Transactional memory has not been immune to the Gartner hype-cycle. Nearly two years ago Ali-reza Adl-tabatabai from Intel reminded me of the hype-cycle, and we both commiserated that it appeared that we were at the “Peak of Inflated Expectations”. We had both just completed a week at the ACM’s PPoPP and we were both at what we viewed as the climax of the week, the Transact ’08 workshop. Every day that week we heard research about transactional memory – even though there was a whole day dedicated to this technology at the workshop. There was just so much enthusiasm about its promise, it seemed like every university was dedicating significant research efforts to it. It was an exciting time.
Yet, this was alarming to both of us since we had been working for commercial companies on implementations of transactional memory and both of us had already gone through our own personal hype cycle. I think I can honestly say that Ali was reminding me of the hype-cycle because he was worried about the impact of the “trough of disillusionment”. The higher the enthusiasm, the harder the fall feels when you dip into the trough. It felt like we were flying pretty high at that conference.

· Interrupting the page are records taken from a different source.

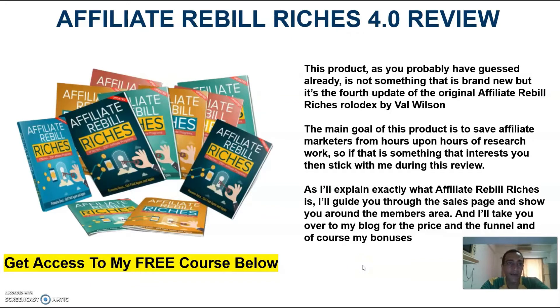Hey guys, Dave here from daveshomcam.com and welcome to my Affiliate Rebill Riches 4.0 review. This product, as you probably have guessed already, is not something that is brand new, but it is the fourth update of the original Affiliate Rebill Riches Rolodex by Val Wilson. The main goal of this product is to save affiliate marketers from hours upon hours of research work, so if that is something that interests you, then stick with me during this review.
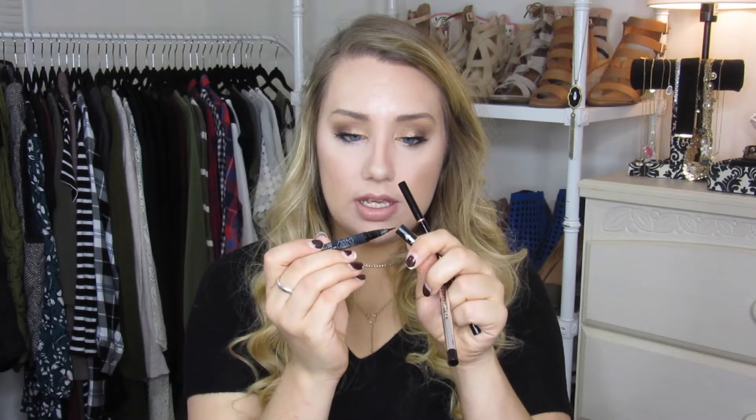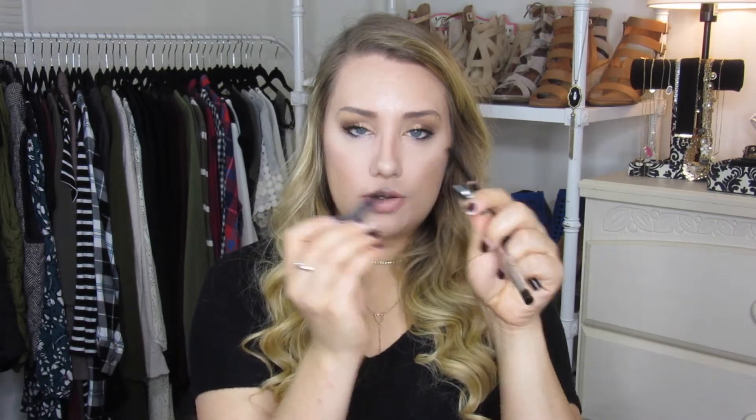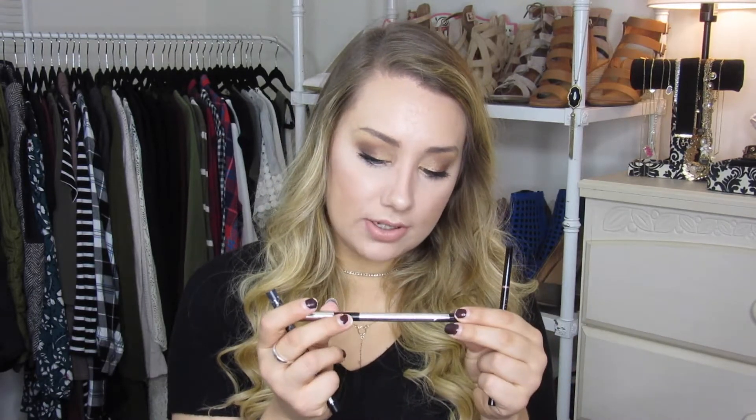I use two eyeliners every day. First is the Kat Von D Tattoo Liner in Trooper. It's so nice. I have both of them from Kat Von D — the other one has a stiff brush, but this one moves, so I find it easier to put on. Super black, stays all day. And then the Marc Jacobs Highliner Gel Crayon — the best pencil I've ever tried. Really good.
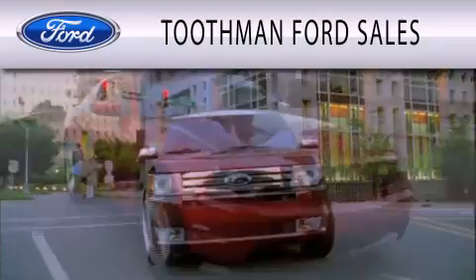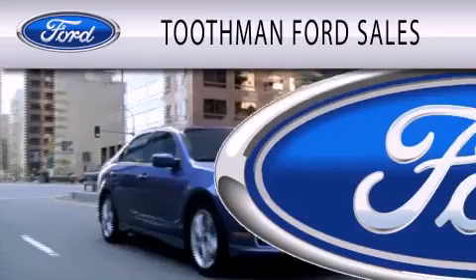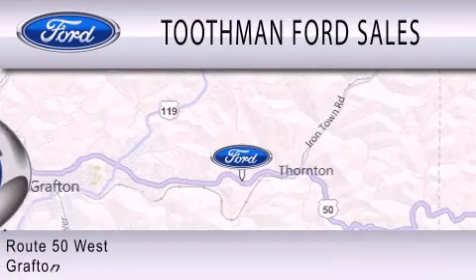Toothman Ford Sales is dedicated to doing everything possible to ensure that the experience you have selecting your vehicle is as pleasant as possible. We are located on Route 50 West in Grafton.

Looking back, maybe we were even beyond that peak but didn’t know it. Later that year both ACM Queue and the Communications of the ACM published critical articles on software transactional memory (STM). A critic with some rather damaging evidence was Calin Cascaval who was published in both venues and calling STM a research toy in CASCM and in Queue. The harshest terms were left to Bryan Cantrill, who while polite in print resorted to name-calling on his blog. (I tried not to take it personally since I have never met the man, I prefer civil discourse please.)
The economy then helped accelerate the fall into the trough of disillusionment with what appears to be Sun’s decision to abandon the ROCK processor. (It must have been made months before the day the Times reported that decision.) Lastly, looking at the pace of research today, we are not seeing the same number of papers published on STM as in the past.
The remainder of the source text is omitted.